West Chestnut owns and operates a landfill in Delaware County, Pennsylvania known as the Lanarch Quarry (the “Property”). It purchased the Property from DiFrancesco in 1982 for $1,000,000. The purchase price consisted of a $35,000 down payment and a $965,000 purchase money mortgage. At or about the time West Chestnut bought the Property from DiFraneesco, those two parties and a related corporate entity owned by or affiliated with the principals of West Chestnut, Crocket Mortgage Company, entered into a certain stock option agreement (the “Stock Option Agreement”) pursuant to the terms of which DiFraneesco was granted what was essentially a thirty year option to acquire a twenty (20%) percent interest in the Property and West Chestnut’s business for the nominal sum of $500. Pre-bankrupt-cy corporate counsel for DiFraneesco testified that the option feature was an integral part of the sale transaction and that the potential for DiFraneesco to participate in appreciation of the business or Property was an important factor in DiFrancesco’s agreement to the basic $1,000,000 purchase price. Copies of the Stock Option Agreement, as amended, were introduced in these proceedings as Exhibits M-l and M-2. As an alternative to payment upon DiFrancesco’s exercise of the option, the Stock Option Agreement required certain compensation to be paid to DiFraneesco upon the occurrence of various specified events including, inter alia, 1) any election by West Chestnut to terminate DiFrancesco’s rights under the Stock Option Agreement prior to their expiration, 2) sale by West Chestnut of the Property or certain ownership interests in the entity operating the Property, and 3) commencement of sanitary land fill operations on the Property. It is duly noted that none of these “events” had obtained as of the commencement of this Chapter 11 case on October 14, 1993.
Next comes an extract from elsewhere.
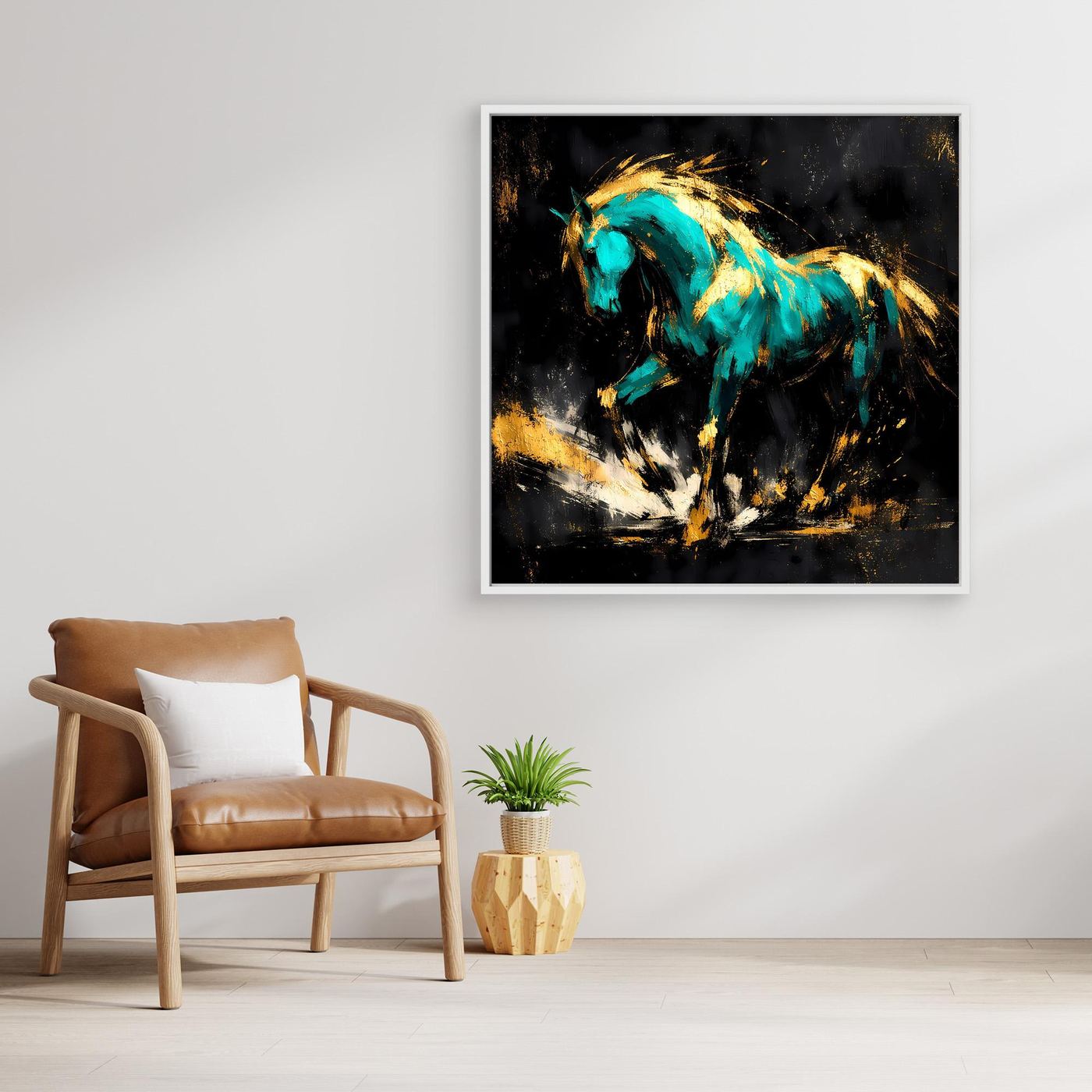 Leinwand Kraftvolles Pferd in Türkis und Gold | Modernes Abstraktes Wildtier Wandbild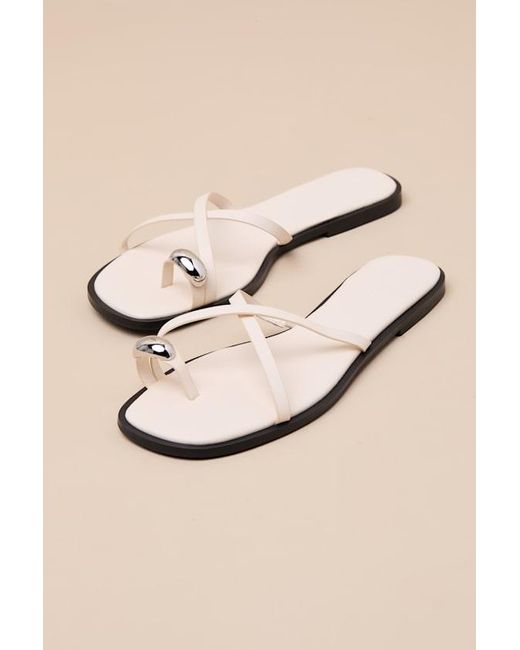 Billini Natural Nya Bone Flat Slide Sandals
West Chestnut has scheduled the Stock Option Agreement as an executory contract on the Bankruptcy Schedules filed by it in this case. On October 21, 1994, DiFraneesco filed an unsecured Proof of claim in the amount of $2,600,000 relative to its rights under the Stock Option Agreement. DiFrancesco styles this claim as one for rejection damages for termination of an executory contract. West Chestnut’s plan of reorganization makes no specific mention of the Stock Option Agreement, but DiFraneesco observes correctly, that both the Third Amended Disclosure Statement and Plan of Reorganization provide for the automatic rejection of all executory contracts not specifically assumed by the Debtor on or before the Confirmation date of the Plan. On November 21, 1994, West Chestnut filed an Objection to DiFrancesco’s unsecured Proof of Claim, which objection recites, as follows:

2. The Claim is objectionable on a number of grounds, including:
a. The Claim was filed after the bar date of March 30, 1994;
b. the Claim is based upon a “rejection” which rejection, as a matter of law, is not cognizable under the bankruptcy court; (sic)
c. the Claim is speculative, contingent and unliquidated; and
d. the Claim if any, the existence of which is specifically denied, is grossly overstated.
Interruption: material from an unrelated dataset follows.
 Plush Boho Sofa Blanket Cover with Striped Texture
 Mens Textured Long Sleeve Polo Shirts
While no hearing was ever specifically held with respect to West Chestnut’s Objection to the DiFraneesco Claim, West Chestnut has proceeded to move its Third Amended Plan of Reorganization along the road to confirmation. This has prompted DiFraneesco to file the instant Motion requesting estimation and allowance of its unsecured claim for purposes of voting on the proposed Plan of Reorganization. That Motion, as noted, is now before the Court for adjudication.

Discussion.

West Chestnut’s first objection to DiFrancesco’s claim is easily dispatched. West Chestnut’s proposed Disclosure Statement and Plan of Reorganization call for rejection damage proofs of claim to be filed within thirty (30) days from the date of the rejection of an executory contract. As there has been no previous “rejection” of the Stock Option Agreement this date in the present case cannot have passed. Hence, the Court rejects any argument going to the timeliness of DiFrancesco’s Proof of Claim. West Chestnut’s remaining three objections are to one degree or another related and will therefore be discussed as one.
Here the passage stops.